_EXERCISE DESCRIPTION_: When you transcribe the listing that follows, keep every line exact and omit the pictures.

BEGIN EXERCISE MATERIAL

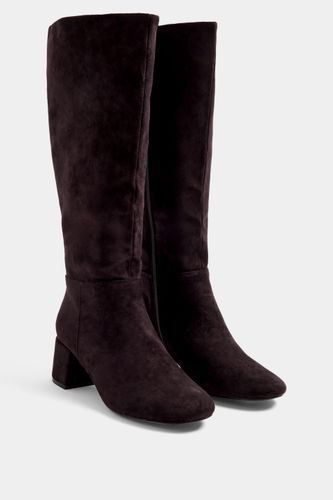 Bottines Marron À Talon Carré Et Bout Amande, Wide E Et Extra Wide Eee Fitsize 42EEE - Yours - Modalova
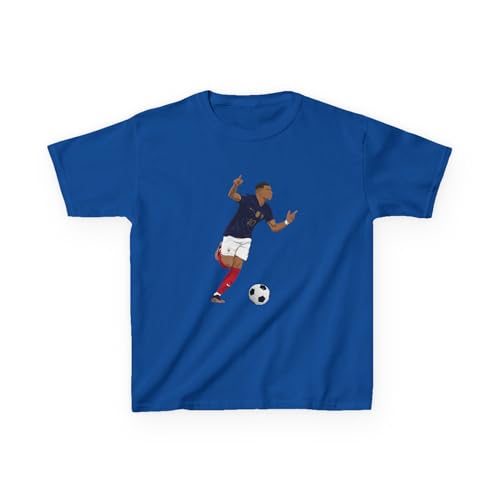 Kylian Kids Soccer Shirt, Youth #10 Tee Inspired by Mbappé, Boys Girls Football Tee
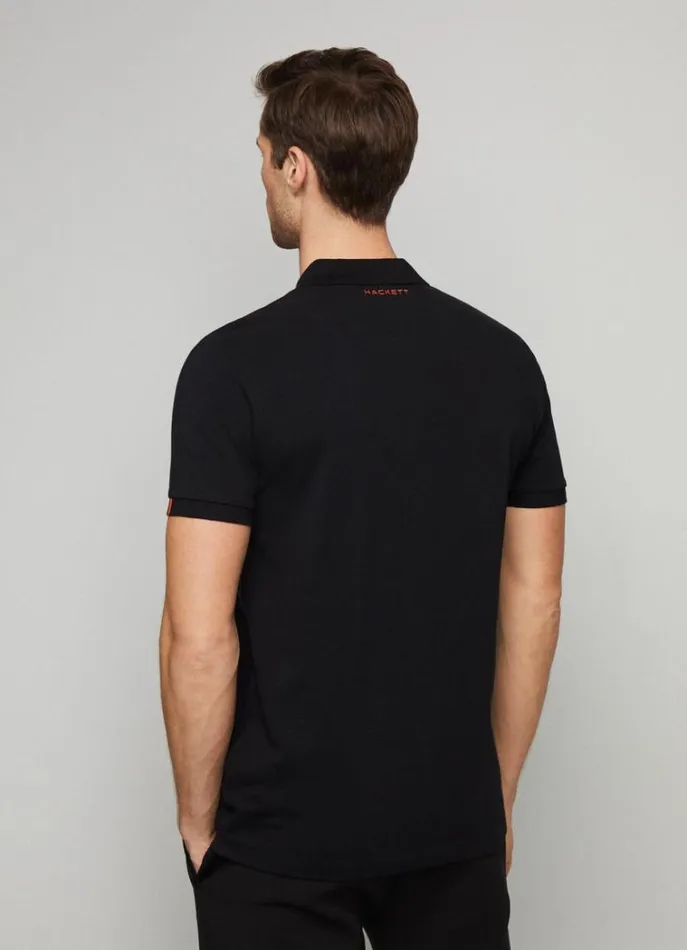 Men Polo Shirts Hackett London Aston Martin Classic Fit Polo Shirt Black
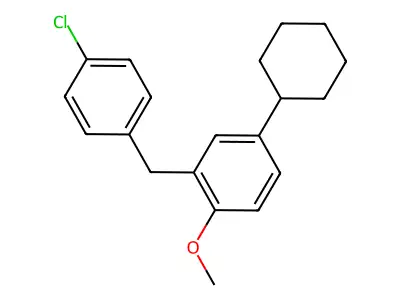 2-(4-Chlorobenzyl)-4-cyclohexyl-1-methoxybenzene structure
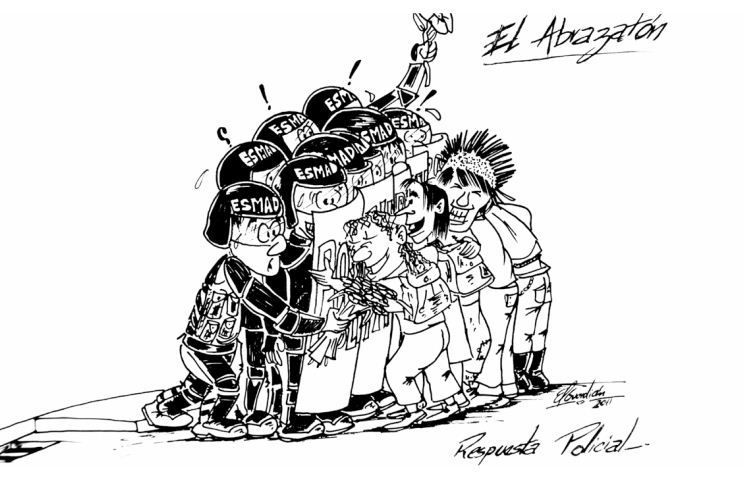 USO DE LA FUERZA Y ARMAS NO LETALES EN LA POLICÍA NACIONAL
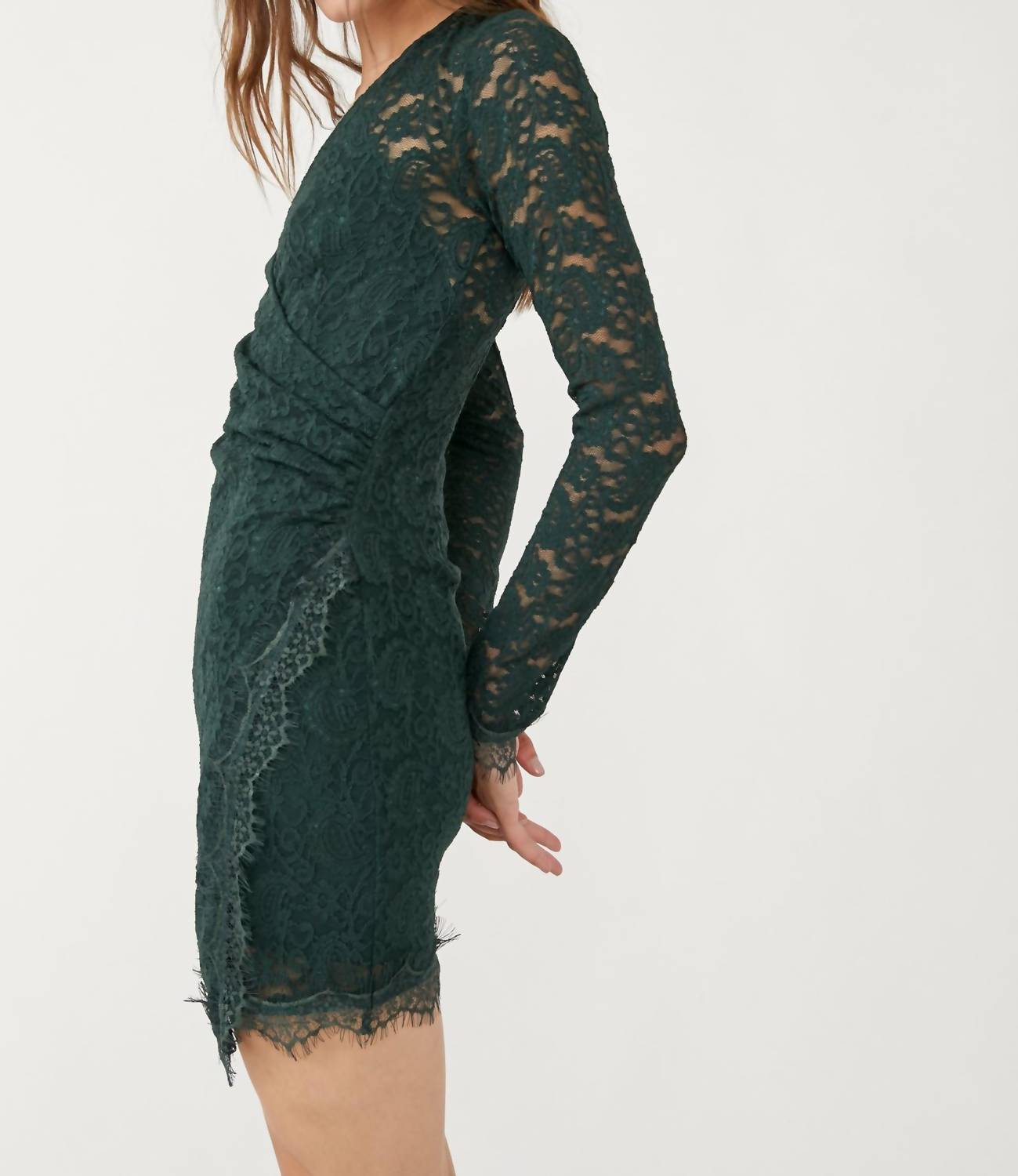 Free People - Pearl Lace Mini Dress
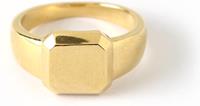 Orelia ring met afgeschuind vierkant S/M - Maat 16.00
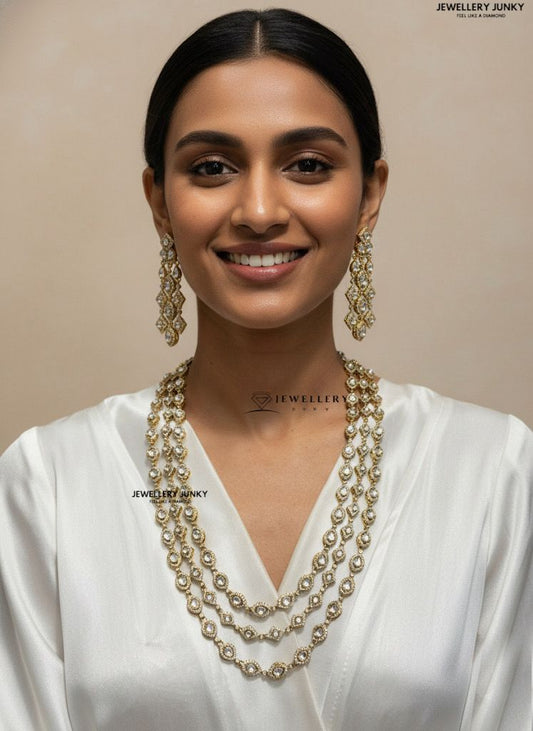 VASAKI KUNDAN LAYRERED NECKLACE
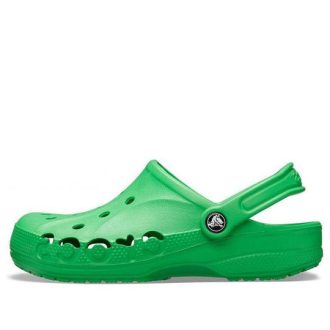 Sandalias unisex Crocs Baya Clog Beach verdes 10126-3E8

END EXERCISE MATERIAL

_TASK RESULT_:
 Bottines Marron À Talon Carré Et Bout Amande, Wide E Et Extra Wide Eee Fitsize 42EEE - Yours - Modalova
 Kylian Kids Soccer Shirt, Youth #10 Tee Inspired by Mbappé, Boys Girls Football Tee
 Men Polo Shirts Hackett London Aston Martin Classic Fit Polo Shirt Black
 2-(4-Chlorobenzyl)-4-cyclohexyl-1-methoxybenzene structure
 USO DE LA FUERZA Y ARMAS NO LETALES EN LA POLICÍA NACIONAL
 Free People - Pearl Lace Mini Dress
 Orelia ring met afgeschuind vierkant S/M - Maat 16.00
 VASAKI KUNDAN LAYRERED NECKLACE
 Sandalias unisex Crocs Baya Clog Beach verdes 10126-3E8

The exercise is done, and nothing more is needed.